In 1885 Conan Doyle married Louisa (or Louise) Hawkins, known as "Touie". She suffered from tuberculosis and died on 4 July 1906. The following year he married Jean Elizabeth Leckie, whom he had first met and fallen in love with in 1897. Due to his sense of loyalty he had maintained a purely platonic relationship with Jean while his first wife was alive. Jean died in London on 27 June 1940.

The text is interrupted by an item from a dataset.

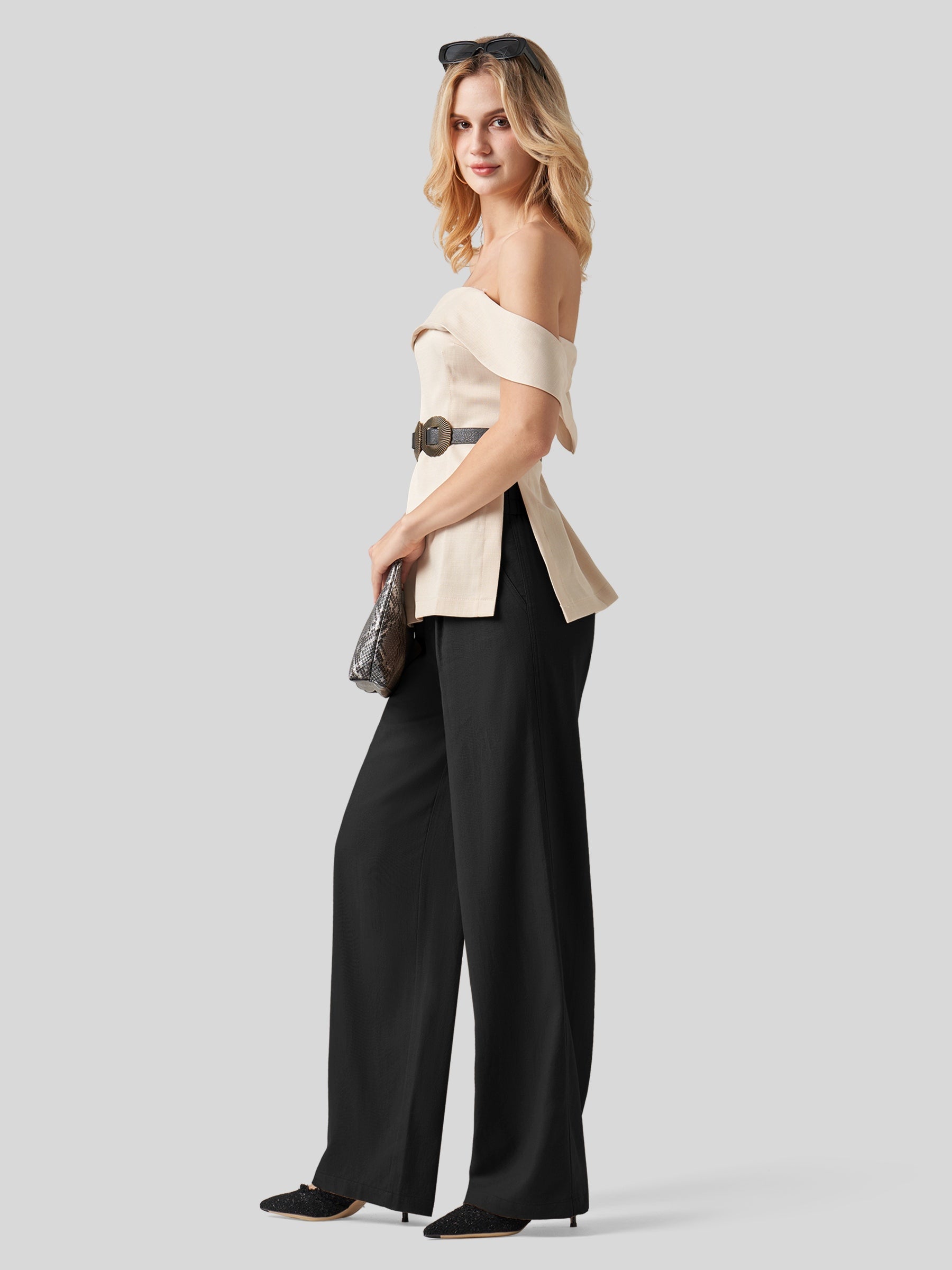 Women's Cotton Linen Wide-Leg Pants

Conan Doyle fathered five children. Two with his first wife—Mary Louise (28 January 1889 – 12 June 1976), and Arthur Alleyne Kingsley, known as Kingsley (15 November 1892 – 28 October 1918). With his second wife he had three children—Denis Percy Stewart (17 March 1909 – 9 March 1955), second husband in 1936 of Georgian Princess Nina Mdivani (circa 1910 – 19 February 1987; former sister-in-law of Barbara Hutton); Adrian Malcolm (19 November 1910–3 June 1970) and Jean Lena Annette (21 December 1912–18 November 1997).
Conan Doyle was found clutching his chest in the hall of Windlesham, his house in Crowborough, East Sussex, on 7 July 1930. He had died of a heart attack at age 71. His last words were directed toward his wife: "You are wonderful." The epitaph on his gravestone in the churchyard at Minstead in the New Forest, Hampshire, reads:
ARTHUR CONAN DOYLE
PATRIOT, PHYSICIAN & MAN OF LETTERS
Conan Doyle's house, Undershaw, located in Hindhead, south of London, where he had lived for a decade, had been a hotel and restaurant between 1924 and 2004. It now stands empty while conservationists and Conan Doyle fans fight to preserve it.
A statue honours Conan Doyle at Crowborough Cross in Crowborough, where Conan Doyle lived for 23 years. There is also a statue of Sherlock Holmes in Picardy Place, Edinburgh, close to the house where Conan Doyle was born.